Auch auf der hiesigen Eliteschau war der Ruf zu vernehmen, wir müssten endlich
weg von der Kurzbeinigkeit, hin zu den langen Beinen...
Oft wünschte man den lauten Forderern dann doch ein wenig Besinnung denn der
Eindruck drängt sich auf, daß Langbeinigkeit hier zu einem Selbstzweck erhoben
wird. Eine werthaltige funktionelle Begründung für diese vermeintlich
begehrenswerte Eigenschaft hat jedenfalls noch niemand dazu beigesteuert - leise
nicht, und laut am Mikro schon gar nicht.
Es dürfte auch schwer fallen hierfür eine funktionelle Begründung zu geben denn
es hiesse, das Pferd ein Stück weit neu zu erfinden.
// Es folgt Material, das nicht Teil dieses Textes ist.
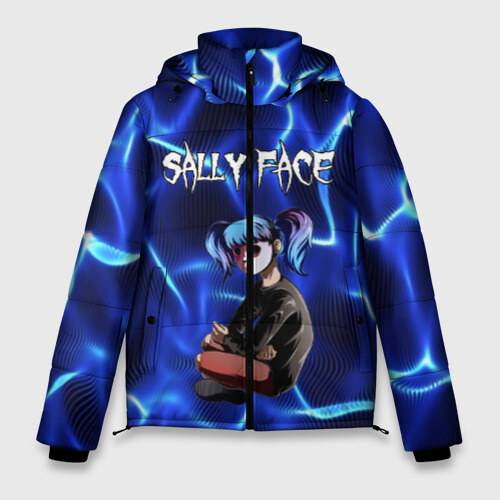 Мужская зимняя куртка 3D SALLY FACE фото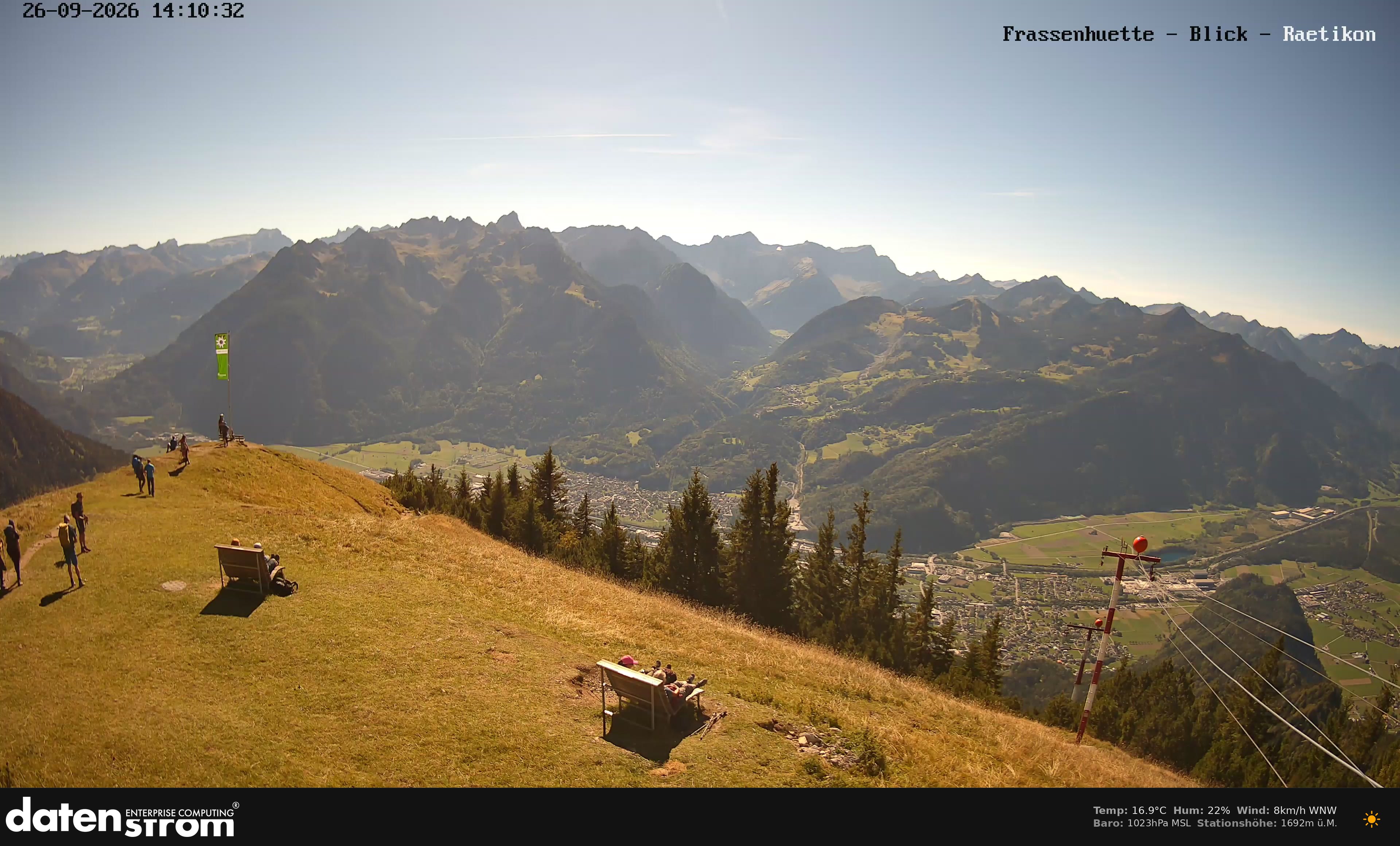 Bludenz - Frassen Hütte, Rätikon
Das Pferd ist von Natur aus nunmal ein Lauftier und kein Tragtier - die
gewünschte Tragkraft müssen wir unter dem Sattel überhaupt ersteinmal entwickeln
- aus der gegebenen Schubkraft nämlich. Nun liegt es aber in der Natur der
Sache, daß tragende Elemente mitnichten stabiler werden je höher man sie
aufbaut. Der Wunsch nach hochbeinigen Pferden (wider die Prinzipien der Natur -
sonst hätte der liebe Gott Giraffen daraus gemacht...) steht einem stabil
tragendem Rücken diametral entgegen. Je höher man etwas baut, umso instabiler
wird es - das zu begreifen bedarf es keines Physikers. Fügt man dieser Gleichung
noch das Moment der Schwingung hinzu - weil Schubkraft überhaupt erst durch
einen losgelassenen gut schwingenden Rücken in Tragkraft umgewandelt werden kann
- dann sträuben sich spätestens hier nicht nur dem akademischen Physiker die
Haare. Der gesunde Menschen- (oder sollte man nicht besser sagen:
PFERDE?)-verstand sollte uns doch eingeben, daß Langbeinigkeit an sich unseren
werthaltigen Prinzipien um ein stabil tragendes, weil sicher durchschwingendes
und vor allem losgelassenes Pferd, schlicht zuwider läuft?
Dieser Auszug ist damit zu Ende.